Policy Respecting Trading on Inside Information
Introduction
The Board of Directors declares the following to be Company Policy regarding trading on and misuse of inside information. This policy is designed to comply with relevant sections of the Securities exchange Act of 1934 and to promote compliance with insider trading laws, rules, and regulations as well as applicable listing standards.
Administration
This policy shall be administered by the Compensation Committee of the Board (the “Committee”). Any determination made by the Committee shall be final and binding on all affected individuals.
Covered Executives
This policy applies to the Company’s directors, officers, employees, and the Company itself (“Affected Persons”).

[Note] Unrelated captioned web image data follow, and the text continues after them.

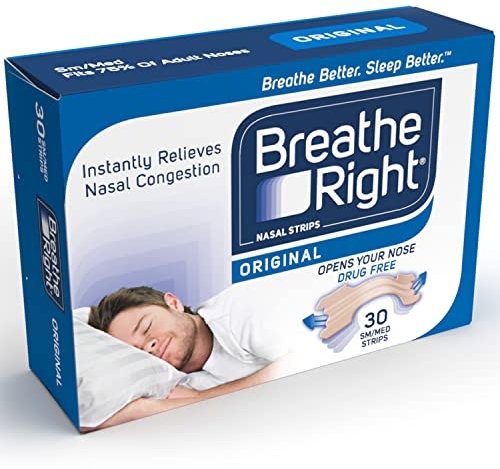 Breathe Right Original Tan, Beige Small/Medium 30 Pieces, Nasal Strips for Snoring, Nose Strips for Breathing, Blocked Nose Relief, Drug-free Snoring Aid for Men and Women, Packaging may vary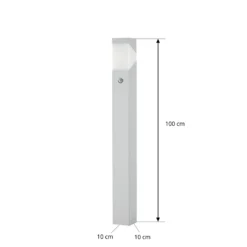 Bolardo luminoso Lucande Kiran, 100 cm, con sensor, gris claro, IP44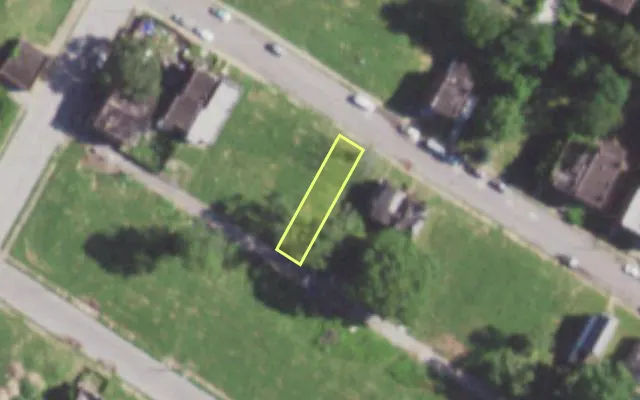 Aerial view of 5878 COTE BRILLIANTE AV — vacant lot, St. Louis with approximate parcel outline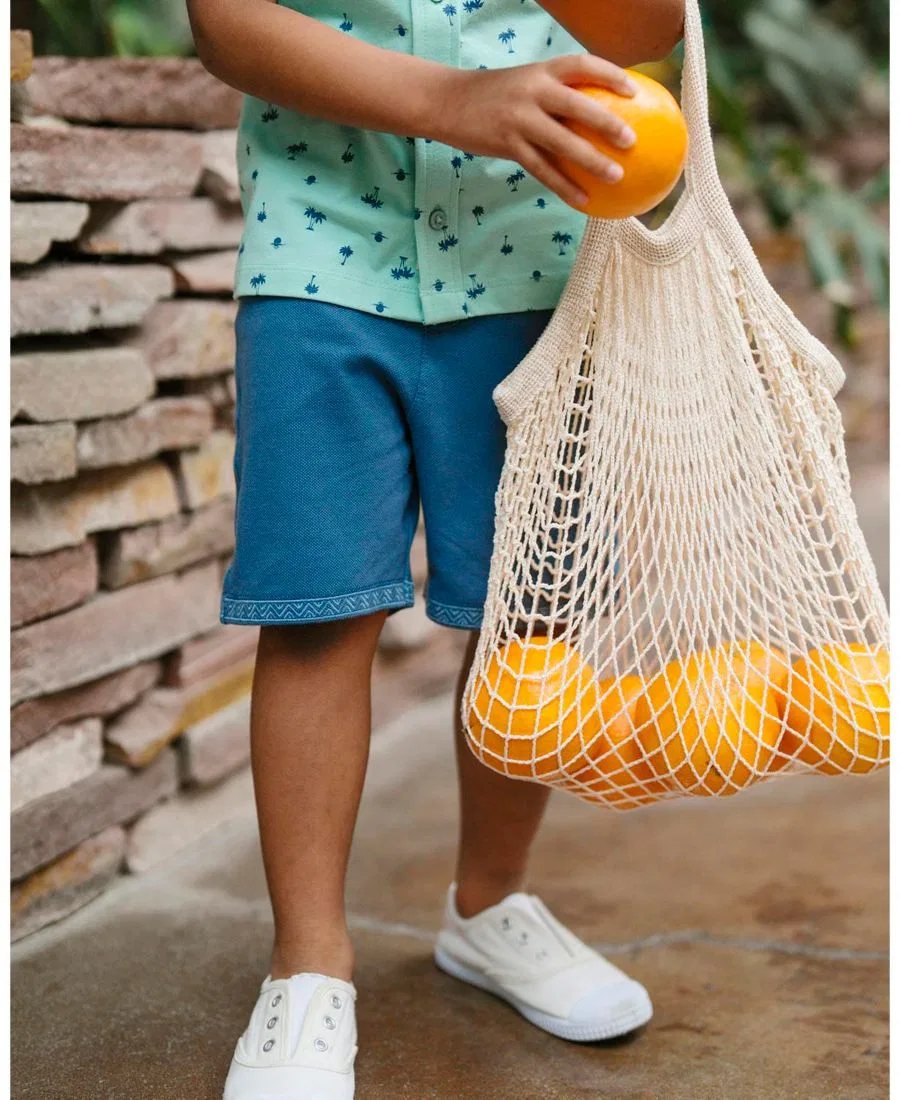 Шорты из органического футера с завязкой, модель Toddler Boys Organic French Terry Pull-On Short Hope & Henry, Stone Blue — фото 4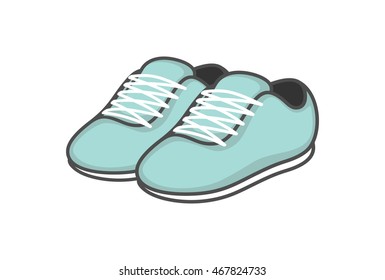 Shoes. Limpet shell sneakers on a white background. Vector illustration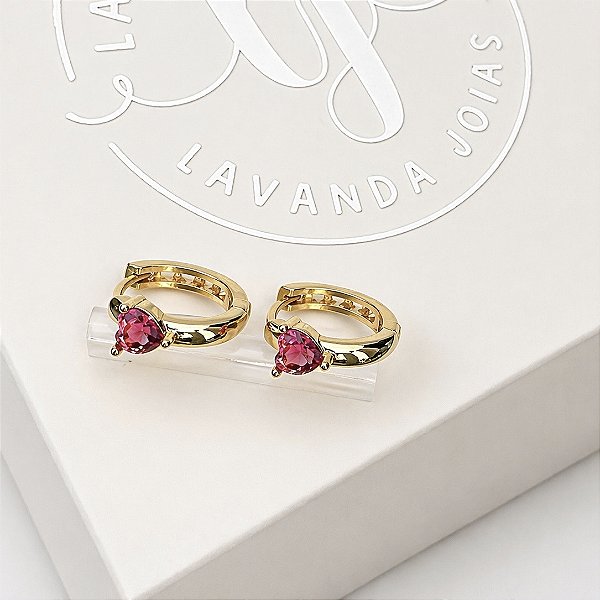 Brinco Argola Coração Rosa em banho ouro 18k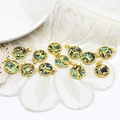 18K gold plated 12 zodiac pendants with iridescent abalone shell and zircon stones - Scorpio / Abalone Shell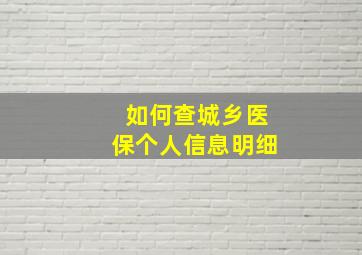 如何查城乡医保个人信息明细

Trading by Affected Persons, Generally
Affected Persons are strictly prohibited from trading on material non-public information concerning the Company, its business and results of operations (hereinafter sometimes “inside information”).
Blackout Periods
In furtherance of this policy, the Company shall designate periods during which the Company’s executive officers and the Company itself may be deemed to be in possession of material non-public information concerning the Company and accordingly during which trading by such persons in the Company’s securities shall be prohibited (“closed trading periods”). Periods outside of such closed trading periods shall be deemed to be open trading periods during which the Company’s executive officers and the Company may trade in the Company’s securities. Affected Persons shall be permitted to trade in the Company’s securities during open trading periods, generally, unless the Committee determines that there is a risk that such persons may be in possession of material non- public information, or that material information exists that has not yet been made public.
10b5-1 Plans
All trading plans adopted and implemented pursuant to Rule 10b5-1 by Affected Persons (“10b5-1 Plans”) shall be reviewed and approved by the Committee. Such plans shall be adopted at a time when the relevant parties are not in possession of material, non-public information concerning the Company, its business and its results of operations. Unless the Committee
determines that the affected plan does not pose a risk of trading on inside information, no 10b5-1 Plan may be adopted or implemented during a closed trading period.
Granting of Options
Option awards to Affected Parties shall generally not be made during closed trading periods or otherwise when the Company is in possession of material non-public information. Exceptions may be made if the Committee determines, because of the structure of the option (strike price, performance target, if applicable, or required holding period) that the value of the option to the optionee at the time of grant will not be materially affected by publication of the inside information.
Compliance with Relevant Rules
The Company shall comply with all Section 16 reporting requirements relevant to trading in Company securities by Affected Persons as well as with all relevant disclosure requirements concerning these matters.